Statistically Enhanced Learning: a Formalization Framework of Feature Extraction Techniques
Conference
64th ISI World Statistics Congress
Format: CPS Poster
Keywords: extraction, feature, learning, machine learning, statistics
Session: CPS Posters-02
Monday 17 July 4 p.m. - 5:20 p.m. (Canada/Eastern)
Abstract
In the field of Machine Learning (ML) the preparation of the data is often considered more important than the model itself. ML students are usually taught that 80% of the workload on an ML project is preparing the data.
The 20% remaining are left for modelling.

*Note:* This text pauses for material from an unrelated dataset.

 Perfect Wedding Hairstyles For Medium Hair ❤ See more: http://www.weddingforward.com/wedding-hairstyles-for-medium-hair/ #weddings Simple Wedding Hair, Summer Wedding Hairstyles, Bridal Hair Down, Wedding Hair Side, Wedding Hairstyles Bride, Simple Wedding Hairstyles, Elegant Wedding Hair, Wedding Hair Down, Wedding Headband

While this is crucial to get a reliable model with high performance, there is little literature covering data preparation and its benefit to models.
In this work, we will present the method of Statistically Enhanced Learning (SEL), a generalization and formalization framework of existing data preparation steps in ML that rely on statistical estimators.
In SEL, learning, as the general term, stands for the large spectrum of data driven learning techniques (from classical statistical to advanced deep learning models).
The term statistical refers to features that are generated using observed variables in the practitioner's data set.
They can range from basic estimators of mean or variance to maximum likelihood based quantities.
The difference with classical ML consists in the fact that certain predictors are not directly observed but obtained as statistical estimators.
Our objective is to study SEL theoretically, aiming at establishing convergence results, by simulations, in order to show the increased performance of SEL compared to classical ML.
We also present a practical application whose goal it is to create a prediction model of match results for the women's and men's handball tournaments at the Paris 2024 Olympic Games.